In sede penale come nelle esecuzioni civili in materia di pignoramenti, il sequestro preventivo per equivalente del controvalore di entità monetarie costituenti il prezzo o il profitto di reati, in relazione alle retribuzioni corrisposte dallo Stato e da altri enti è consentito solo nei limiti del quinto, essendo, per giurisprudenza consolidata, gli altri 4/5 riconducibili all'area dei diritti inalienabili della persona. Questa disciplina dettata espressamente per i dipendenti pubblici (D.P.R. 180/1950) trova applicazione anche nei confronti dei dipendenti del settore privato in seguito all'estensione apportate dalle leggi 311/2004 e 80/2005 al D.P.R. citato.

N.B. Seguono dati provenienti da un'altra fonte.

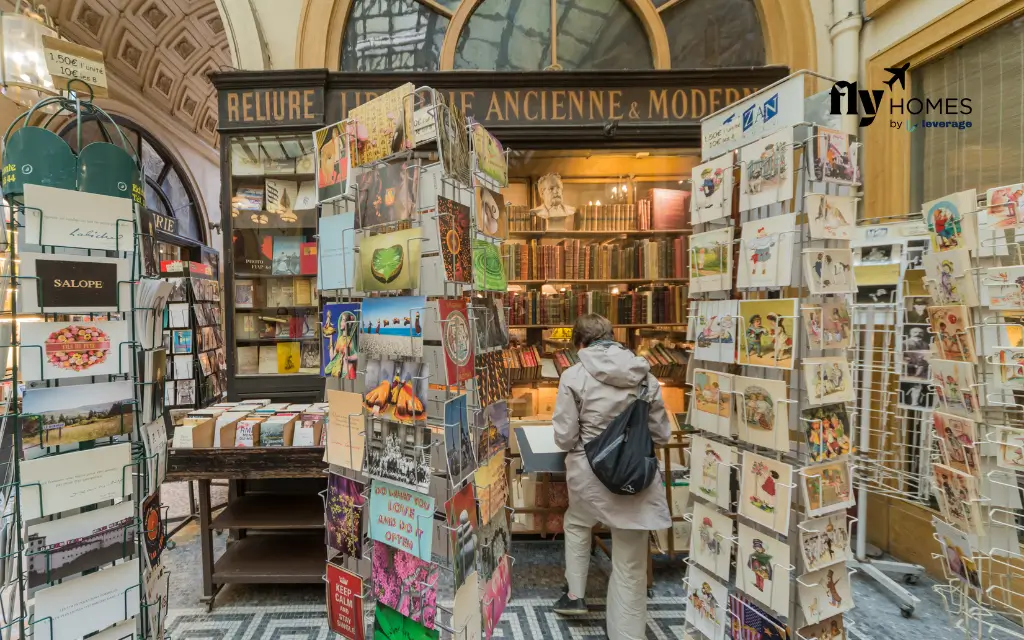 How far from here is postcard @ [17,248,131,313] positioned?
3.84ft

Il divieto di pignoramento, ribadito anche dall'art. 545 c.p.c. per le somme eccedenti il quinto, non opera una volta che le somme corrisposte a titolo di stipendio o retribuzioni si siano confuse con il patrimonio del debitore.
Discorso a parte deve però essere effettuato sulle somme dovute per i titoli di cui sopra che siano accreditate sul conto corrente bancario o postale. L'art. 545, c. 8 c.p.c., così come modificato dal D.L. 83/2015, convertito in L. 132/2015 prevede infatti ora che le somme dovute a titolo di stipendio, salario, altre indennità relative a rapporti di lavoro o di impiego, comprese quelle dovute a causa di licenziamento, nonché a titolo di pensione, di indennità che tengono luogo di pensione o di assegni di quiescenza, nel caso di...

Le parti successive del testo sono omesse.